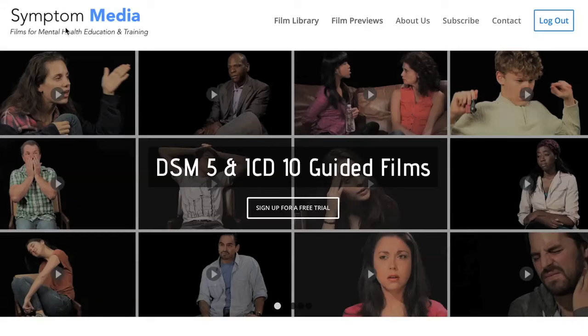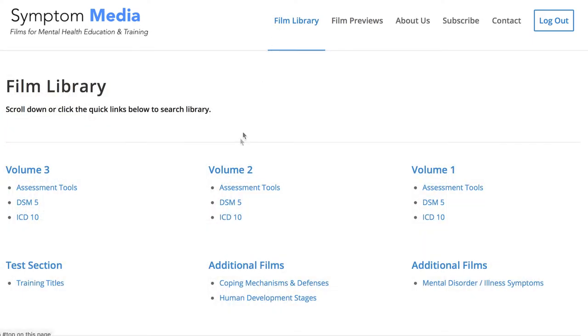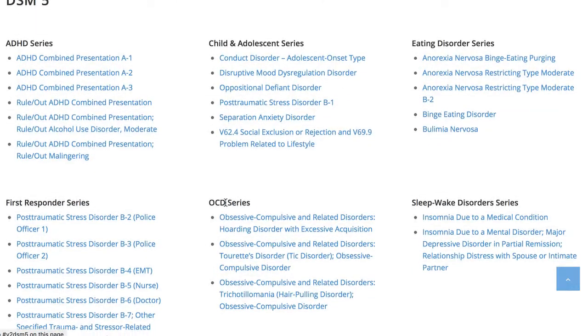Welcome to a preview of a Symptom Media DSM-5 guided case study. How are people using Symptom Media's DSM-5 guided cases? With access to over 500 assessment tools, DSM-5, and ICD-10 guided cases, educators can smoothly integrate videos within lectures and discussions with an easy-to-navigate index library page. Be sure to visit SymptomMedia.com to sign up for a free trial today.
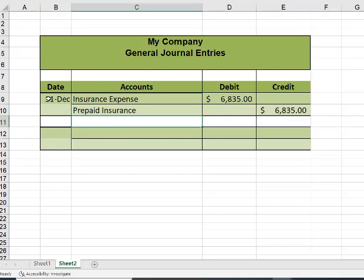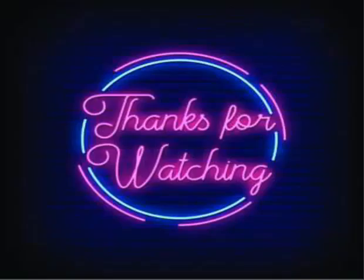And that is all there is to making an adjusting entry. Anything that we prepaid — prepaid insurance, prepaid rent, prepaid membership to the gym, prepaid subscriptions, prepaid dues — anything that we pay for an entire year and then need to recognize the expense at the end of an accounting period is going to require this same kind of prepaid expense adjusting entry. I hope you found that useful, and thanks for watching.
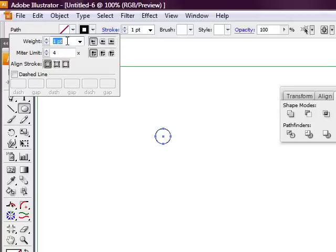So we're just going to click off that. We're going to select the stroke panel. And this is where magic is going to be created. So we're going to select the weight for the stroke that we just created of about 204.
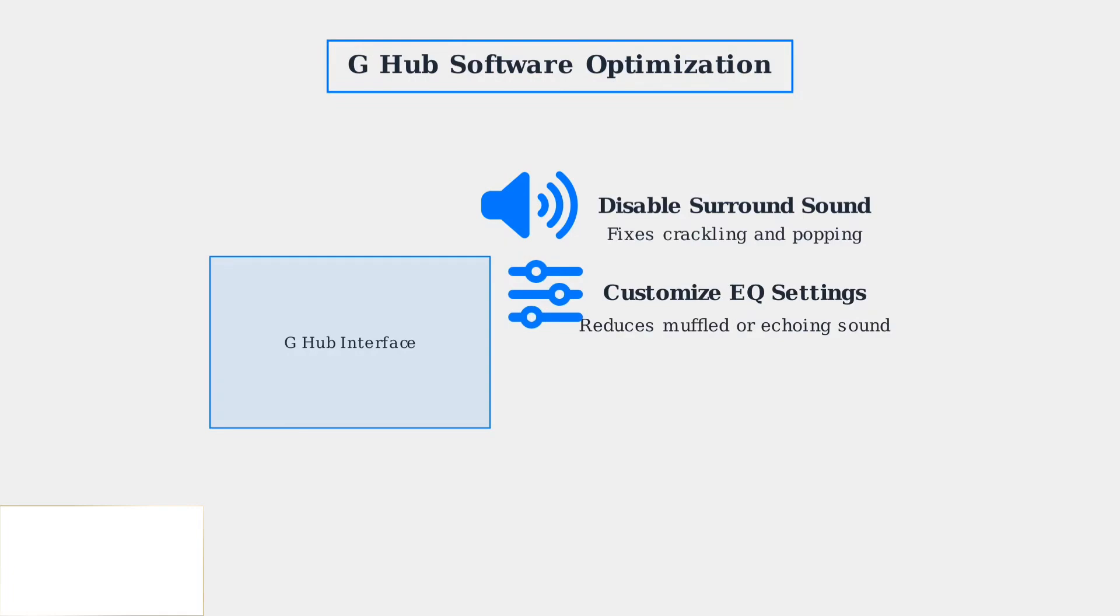Customize the equalizer settings in G Hub if your audio sounds muffled or has echo. The EQ allows you to fine-tune frequency response for clearer audio.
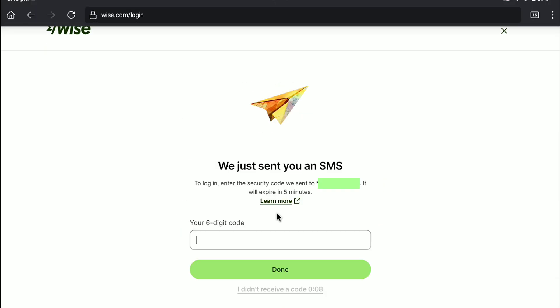Now again let me enter the six-digit code I receive on my phone number. And now let's again click on done.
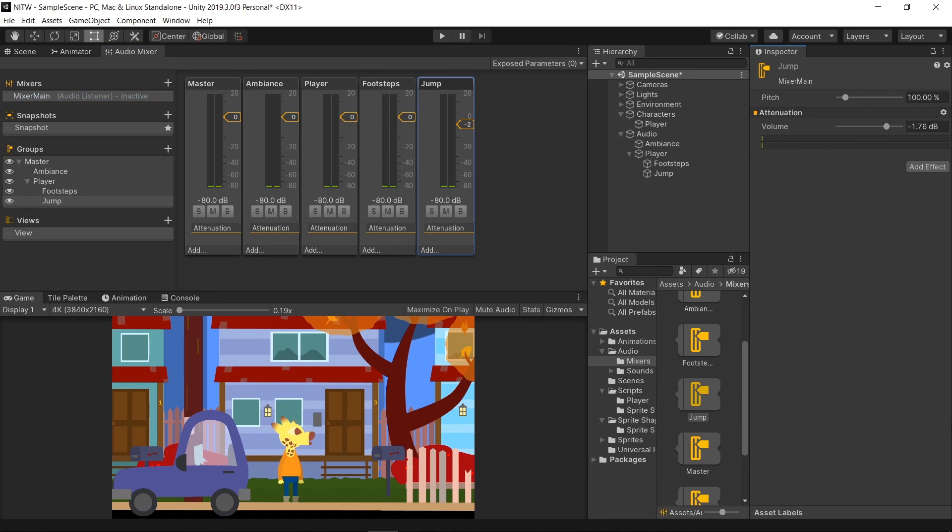This is it for this video. It was a very simple tutorial on how to make audio work for your game and how you should manage each sound. Like, subscribe and hit the bell button to be notified when the next episode comes out. And as always, I'll see you in the next one. Enjoy the journey.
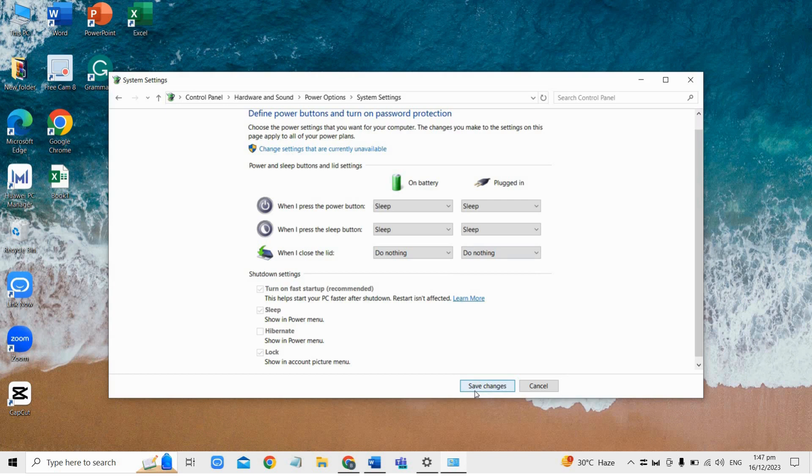This adjustment should stop your laptop from turning on automatically when you open the lid.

* * * * * * * * *

**Goal of the exercise**
From the line holding "So we're just" to the line holding "Now again let", both included, retype the entries above exactly and drop the pictures.

**Problem solution**
So we're just going to click off that. We're going to select the stroke panel. And this is where magic is going to be created. So we're going to select the weight for the stroke that we just created of about 204.
Customize the equalizer settings in G Hub if your audio sounds muffled or has echo. The EQ allows you to fine-tune frequency response for clearer audio.
Now again let me enter the six-digit code I receive on my phone number. And now let's again click on done.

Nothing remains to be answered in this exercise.